Bishop’s Waltham Palace lies just ten miles away from Winchester Cathedral and was the noble palace of its Bishop’s who built a splendid residence for themselves and a 1000 acre park. Henry de Blois, that inveterate builder, began to build it as a castle in 1136. One of his successors, William of Wykeham finished it as a palace until eventually in the C15th, Bishop Thomas Langton built a wall around and erected the garden house.
It is a ruin steeped in a sumptious history.
King Henry II called a council at Bishop’s Waltham in 1182, to ask his nobles for supplies and to plan a Crusade, but that was only the beginning of a succession of royal visits. Seven years later, King Richard I stayed at the palace and was entertained after his crowning at Winchester and before embarking on his last Crusade.
It is said that when Margaret de Anjou visited, she slept in a bed painted blue and gold, the bed in which both Bishop William of Waynfleete and Bishop William of Wykeham died.
In 1415, the year of his great victory at Agincourt, King Henry V came to stay here.
In the following century King Henry VIII stayed at Bishop’s Waltham Palace before embarking for France where he would meet with King Francis in one of the most unusual diplomatic meetings, the “Field of the Cloth of Gold”.
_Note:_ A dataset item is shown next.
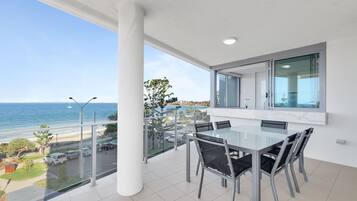 Un balcon avec une table et des chaises en verre, donnant sur une plage et l’océan.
There are a series of buildings, the West Tower was the Bishop’s residence and was built in the C12th. Bishop Wykeham added to it in the C14th. The steps leading into it tempt the eyes upwards to the five great windows with embattled transoms. Now shrouded with ivy the tower has quite an ‘Arthurian’ feel to it.
From the tower springs the great hall, again built in the C12th and then rebuilt during the time of Wykeham. What is striking about the ruins of the Great Hall are the majestic windows. They are statements of power in no uncertain terms. The chapel and crypt are across the way from the tower, not begun until 1416 by Bishop Beaufort but presumably there must have been a previous church?
In order to service such a household, there would have been a great number of servants who needed to be fed and housed. The brewhouse is almost as long as the Great Hall itself.
Bishop’s Waltham Palace and the English Civil War
Following the Battle of Cheriton during the English Civil War, the London Brigade of Waller’s Parliamentarian troops moved towards Bishop’s Waltham Palace. The date, 6th April 1644. Bishop Walter Curle had fled Cromwell’s advance on Winchester and was in Bishop’s Waltham Palace when the Parliamentarians arrived. Bishop Curle knew his only chance of survival was to escape from the besieged palace and this he did in a manure cart. The Parliamentarians inflicted great damage on the magnificent palace, after which general deterioration began to set in. No longer was it Bishop’s Waltham Palace, it became a private dwelling for a while before finally falling into ruin.